La battaglia ora passa al Senato dove il decreto – a cui Ncd e Sc hanno detto sì «solo per senso di responsabilità» – dovrà essere convertito in legge entro il 20 maggio. Schermaglie elettorali o dettagli, comunque la si metta il testo rischia di fare a cazzotti con le direttive Ue (in particolare per quanto riguarda le disposizioni sull’apprendistato) o con i Ccnl nazionali: le materie del decreto sono già tutte «regolamentate da circa 400 contratti collettivi nazionali – spiega Tiraboschi –, è aumentato così il rischio di contenzioso sindacale».

In altre parole, aggiunge Preti, «se la legislazione non sarà il più possibile chiara e flessibile le aziende non assumeranno per evitare di comparire davanti al giudice del lavoro». Il rischio è quindi quello di avere una legge scritta per i lavoratori e lavoratori che non lavorano. Quanto alla querelle sulla formazione pubblica o privata, «quello che dovremmo fare è semplicemente copiare il modello di apprendistato tedesco che presto bloccherà l’ingresso in ateneo di chi non ha prima trascorso almeno 6 mesi in ambito professionale».

Il totem del posto fisso
Insomma, ad oggi il decreto non spiace ma non convince. Certo, «Renzi e Poletti – commenta Mingardi – non stanno facendo il pacchetto Treu o la legge Biagi, ma hanno comunque preso di mira una dannosa controriforma e devono fronteggiare un grave problema di cultura politica nel partito».

Tuttavia non è insistendo sulla sacralità del posto fisso che spianeremo la strada alla modernità.
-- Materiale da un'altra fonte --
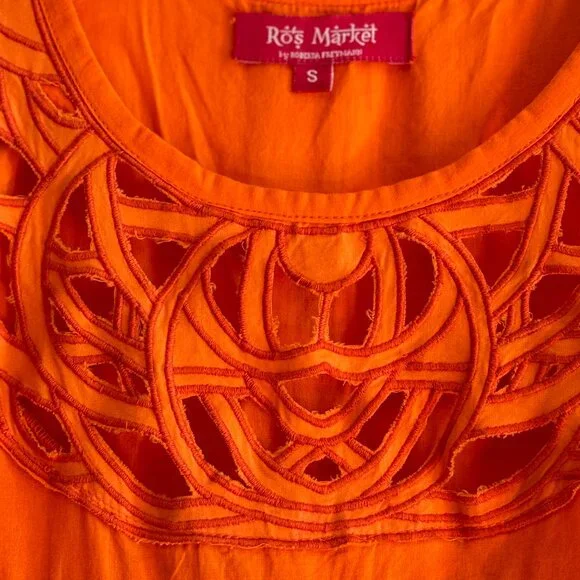 Roberta Freymann Beautiful Bright Orange Summer Maxi  Dress - Picture 2 of 11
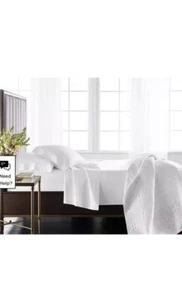 Hotel Collection Classic 400TC Cotton Queen Flat Sheet-White- Display - Picture 1 of 1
Non a caso, spiega Tiraboschi, il provvedimento non si occupa del lavoro autonomo, delle partite Iva, del lavoro a progetto, dei tirocini, anzi, «legge tutti questi fenomeni in chiave fraudolenta e non come un tentativo della realtà di adeguarsi a un cambiamento di cui il legislatore non ha ancora coscienza. La vecchia concezione del lavoro subordinato, che funzionava per una fabbrica statica come quella fordista taylorista, non funziona più. Stiamo vivendo una trasformazione globale, non governabile dalle leggi tanto meno quelle sulle tipologie contrattuali su cui insiste da decenni l’Italia», sottolinea Tiraboschi.

A fronte di una norma astratta la crisi e la globalizzazione hanno infatti portato al fiorire imprevisto di logiche sussidiarie, cooperative, addirittura patti individuali tra lavoratori e imprese: «E forse la modernità del lavoro non sarà più in un unico modello costruito con la mediazione sindacale, ma in tanti modelli concordati a seconda del potere contrattuale dei singoli lavoratori». Accordi tra persone, insomma. Che vivaddio, ricorda Preti, sono ancora alla base del nostro sistema imprenditoriale: «Le norme disciplinano inizio e fine del rapporto, ma quello che sta in mezzo, la vita, è ancora in mano alle parti. Che in questi anni di crisi hanno saputo trovare accordi per continuare a realizzare e realizzarsi nel lavoro».

«Grande è la confusione sotto il cielo, la situazione è eccellente», diceva Mao.  San Tommaso d’Aquino, più saggio e concreto, ricordava che «contra factum non valet argumentum», meglio i fatti che le parole. E allora, grazie a Dio, possiamo ricordare che i fatti hanno preceduto le teorie, le leggi, i decreti e sono molti gli esempi di chi, senza discutere a vuoto, si è messo a lavorare. Pagando le tasse e togliendosi la soddisfazione di dimostrare che non siamo nati nel paese sbagliato.